Task item:
From the entries, copy every line that carries the string "near".

Dataset excerpts:
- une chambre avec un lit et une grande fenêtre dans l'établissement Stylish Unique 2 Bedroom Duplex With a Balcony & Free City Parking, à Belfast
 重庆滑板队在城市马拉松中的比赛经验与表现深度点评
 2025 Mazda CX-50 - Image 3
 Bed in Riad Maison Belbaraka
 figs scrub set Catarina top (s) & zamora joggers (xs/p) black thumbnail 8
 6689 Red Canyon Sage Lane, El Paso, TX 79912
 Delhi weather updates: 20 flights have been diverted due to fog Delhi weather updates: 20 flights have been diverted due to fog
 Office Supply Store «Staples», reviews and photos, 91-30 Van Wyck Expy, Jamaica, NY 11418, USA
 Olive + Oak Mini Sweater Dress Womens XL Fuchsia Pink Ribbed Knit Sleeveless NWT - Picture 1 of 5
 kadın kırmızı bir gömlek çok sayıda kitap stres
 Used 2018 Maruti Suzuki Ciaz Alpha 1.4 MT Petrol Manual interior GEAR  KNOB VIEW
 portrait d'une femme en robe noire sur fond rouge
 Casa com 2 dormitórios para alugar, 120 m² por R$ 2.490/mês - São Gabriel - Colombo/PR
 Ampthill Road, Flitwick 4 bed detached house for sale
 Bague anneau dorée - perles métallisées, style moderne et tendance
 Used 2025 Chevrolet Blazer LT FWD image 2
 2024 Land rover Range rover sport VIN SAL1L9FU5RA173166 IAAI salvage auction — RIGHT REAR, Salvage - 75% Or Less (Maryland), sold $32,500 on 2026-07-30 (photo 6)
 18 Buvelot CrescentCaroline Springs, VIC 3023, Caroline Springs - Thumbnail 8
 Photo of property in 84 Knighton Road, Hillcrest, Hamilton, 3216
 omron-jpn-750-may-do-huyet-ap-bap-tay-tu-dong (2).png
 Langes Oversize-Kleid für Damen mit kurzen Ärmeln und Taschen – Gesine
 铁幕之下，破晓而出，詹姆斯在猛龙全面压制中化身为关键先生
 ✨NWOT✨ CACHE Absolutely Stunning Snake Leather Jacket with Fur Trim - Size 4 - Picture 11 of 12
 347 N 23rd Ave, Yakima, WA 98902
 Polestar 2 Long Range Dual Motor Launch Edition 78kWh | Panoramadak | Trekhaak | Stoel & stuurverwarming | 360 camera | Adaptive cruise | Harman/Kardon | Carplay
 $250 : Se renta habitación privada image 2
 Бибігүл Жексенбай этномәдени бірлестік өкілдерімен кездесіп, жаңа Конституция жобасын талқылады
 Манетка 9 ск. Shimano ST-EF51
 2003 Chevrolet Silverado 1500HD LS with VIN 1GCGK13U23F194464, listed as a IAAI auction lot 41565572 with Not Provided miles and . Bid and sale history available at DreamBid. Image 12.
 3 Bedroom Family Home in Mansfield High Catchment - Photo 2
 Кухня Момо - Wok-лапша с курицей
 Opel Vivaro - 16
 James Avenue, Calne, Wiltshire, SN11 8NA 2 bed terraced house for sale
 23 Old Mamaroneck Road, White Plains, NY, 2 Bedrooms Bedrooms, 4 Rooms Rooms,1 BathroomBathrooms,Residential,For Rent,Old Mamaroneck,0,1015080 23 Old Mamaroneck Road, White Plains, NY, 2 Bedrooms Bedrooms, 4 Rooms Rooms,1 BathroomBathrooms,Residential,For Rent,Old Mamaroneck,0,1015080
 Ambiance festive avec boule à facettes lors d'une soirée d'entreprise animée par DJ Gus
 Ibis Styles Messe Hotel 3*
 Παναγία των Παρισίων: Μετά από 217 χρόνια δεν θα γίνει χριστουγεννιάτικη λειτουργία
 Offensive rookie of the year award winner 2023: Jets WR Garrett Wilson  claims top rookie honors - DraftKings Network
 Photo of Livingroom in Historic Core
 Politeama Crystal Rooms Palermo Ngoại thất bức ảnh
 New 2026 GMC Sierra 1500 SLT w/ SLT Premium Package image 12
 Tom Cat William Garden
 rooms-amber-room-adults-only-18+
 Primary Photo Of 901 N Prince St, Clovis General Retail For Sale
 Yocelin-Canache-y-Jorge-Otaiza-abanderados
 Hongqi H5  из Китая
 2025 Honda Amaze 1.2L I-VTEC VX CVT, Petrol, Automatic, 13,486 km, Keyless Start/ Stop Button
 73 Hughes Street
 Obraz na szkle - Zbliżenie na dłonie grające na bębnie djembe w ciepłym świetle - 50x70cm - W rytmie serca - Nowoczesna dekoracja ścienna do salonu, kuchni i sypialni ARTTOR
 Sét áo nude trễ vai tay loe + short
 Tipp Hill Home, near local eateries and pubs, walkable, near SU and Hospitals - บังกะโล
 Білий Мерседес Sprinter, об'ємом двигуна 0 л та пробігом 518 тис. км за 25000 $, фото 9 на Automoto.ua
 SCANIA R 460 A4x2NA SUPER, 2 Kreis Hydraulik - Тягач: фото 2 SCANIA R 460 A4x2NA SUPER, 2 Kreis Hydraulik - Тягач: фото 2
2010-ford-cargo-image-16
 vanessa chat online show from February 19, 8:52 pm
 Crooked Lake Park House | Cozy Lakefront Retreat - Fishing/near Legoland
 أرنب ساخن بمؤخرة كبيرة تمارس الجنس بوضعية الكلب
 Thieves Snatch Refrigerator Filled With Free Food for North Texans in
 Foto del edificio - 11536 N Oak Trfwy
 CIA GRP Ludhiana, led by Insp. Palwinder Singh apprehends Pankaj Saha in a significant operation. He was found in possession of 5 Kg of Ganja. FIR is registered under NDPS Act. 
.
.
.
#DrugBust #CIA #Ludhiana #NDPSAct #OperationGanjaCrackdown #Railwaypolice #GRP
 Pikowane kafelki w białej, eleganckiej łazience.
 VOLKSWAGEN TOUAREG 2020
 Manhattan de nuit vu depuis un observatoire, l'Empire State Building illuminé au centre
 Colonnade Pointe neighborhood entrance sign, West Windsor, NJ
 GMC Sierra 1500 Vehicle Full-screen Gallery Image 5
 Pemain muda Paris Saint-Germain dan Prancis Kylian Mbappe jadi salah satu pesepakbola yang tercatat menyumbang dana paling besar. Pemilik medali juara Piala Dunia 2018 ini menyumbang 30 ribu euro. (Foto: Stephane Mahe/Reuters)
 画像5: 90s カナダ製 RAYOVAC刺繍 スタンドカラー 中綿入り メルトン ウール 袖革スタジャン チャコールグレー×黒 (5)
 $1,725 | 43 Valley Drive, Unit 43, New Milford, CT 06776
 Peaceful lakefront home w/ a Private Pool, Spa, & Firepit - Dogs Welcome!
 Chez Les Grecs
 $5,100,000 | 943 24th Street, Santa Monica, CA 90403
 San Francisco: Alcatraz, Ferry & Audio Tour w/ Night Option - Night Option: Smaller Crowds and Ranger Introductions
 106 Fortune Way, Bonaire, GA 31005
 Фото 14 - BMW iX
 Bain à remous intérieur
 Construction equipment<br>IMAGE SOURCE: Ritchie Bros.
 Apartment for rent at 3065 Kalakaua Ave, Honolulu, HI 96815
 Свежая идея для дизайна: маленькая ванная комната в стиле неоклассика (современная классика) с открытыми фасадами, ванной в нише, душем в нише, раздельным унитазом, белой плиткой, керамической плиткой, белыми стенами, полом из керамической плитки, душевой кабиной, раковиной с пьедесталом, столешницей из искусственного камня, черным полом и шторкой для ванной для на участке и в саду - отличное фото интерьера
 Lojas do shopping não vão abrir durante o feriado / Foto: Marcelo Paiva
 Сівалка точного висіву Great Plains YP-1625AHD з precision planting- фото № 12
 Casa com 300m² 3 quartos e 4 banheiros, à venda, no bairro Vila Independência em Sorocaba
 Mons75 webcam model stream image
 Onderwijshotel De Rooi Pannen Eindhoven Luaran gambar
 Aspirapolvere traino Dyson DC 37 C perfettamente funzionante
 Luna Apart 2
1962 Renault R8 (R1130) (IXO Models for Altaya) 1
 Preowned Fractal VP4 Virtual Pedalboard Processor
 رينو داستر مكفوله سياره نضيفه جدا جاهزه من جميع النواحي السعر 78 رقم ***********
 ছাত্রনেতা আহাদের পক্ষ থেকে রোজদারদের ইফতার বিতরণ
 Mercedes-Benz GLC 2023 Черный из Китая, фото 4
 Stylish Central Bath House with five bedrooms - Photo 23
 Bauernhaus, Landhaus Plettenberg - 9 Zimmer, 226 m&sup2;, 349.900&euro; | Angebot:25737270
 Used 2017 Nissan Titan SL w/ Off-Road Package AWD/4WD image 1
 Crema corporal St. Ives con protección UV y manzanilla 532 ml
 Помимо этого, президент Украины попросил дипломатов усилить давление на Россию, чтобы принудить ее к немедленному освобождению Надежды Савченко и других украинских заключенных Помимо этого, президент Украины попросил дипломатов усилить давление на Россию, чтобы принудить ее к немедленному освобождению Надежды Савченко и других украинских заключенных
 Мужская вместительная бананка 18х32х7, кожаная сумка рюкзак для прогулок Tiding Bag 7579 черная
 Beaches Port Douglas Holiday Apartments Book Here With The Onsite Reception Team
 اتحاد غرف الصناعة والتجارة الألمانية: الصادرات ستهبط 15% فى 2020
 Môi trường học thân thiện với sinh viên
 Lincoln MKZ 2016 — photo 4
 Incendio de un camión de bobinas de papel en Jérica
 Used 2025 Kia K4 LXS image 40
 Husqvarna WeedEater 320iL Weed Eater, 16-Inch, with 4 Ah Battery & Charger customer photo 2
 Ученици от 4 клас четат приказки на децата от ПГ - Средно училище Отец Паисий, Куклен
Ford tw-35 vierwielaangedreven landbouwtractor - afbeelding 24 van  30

Written solution:
 Tipp Hill Home, near local eateries and pubs, walkable, near SU and Hospitals - บังกะโล
 Crooked Lake Park House | Cozy Lakefront Retreat - Fishing/near Legoland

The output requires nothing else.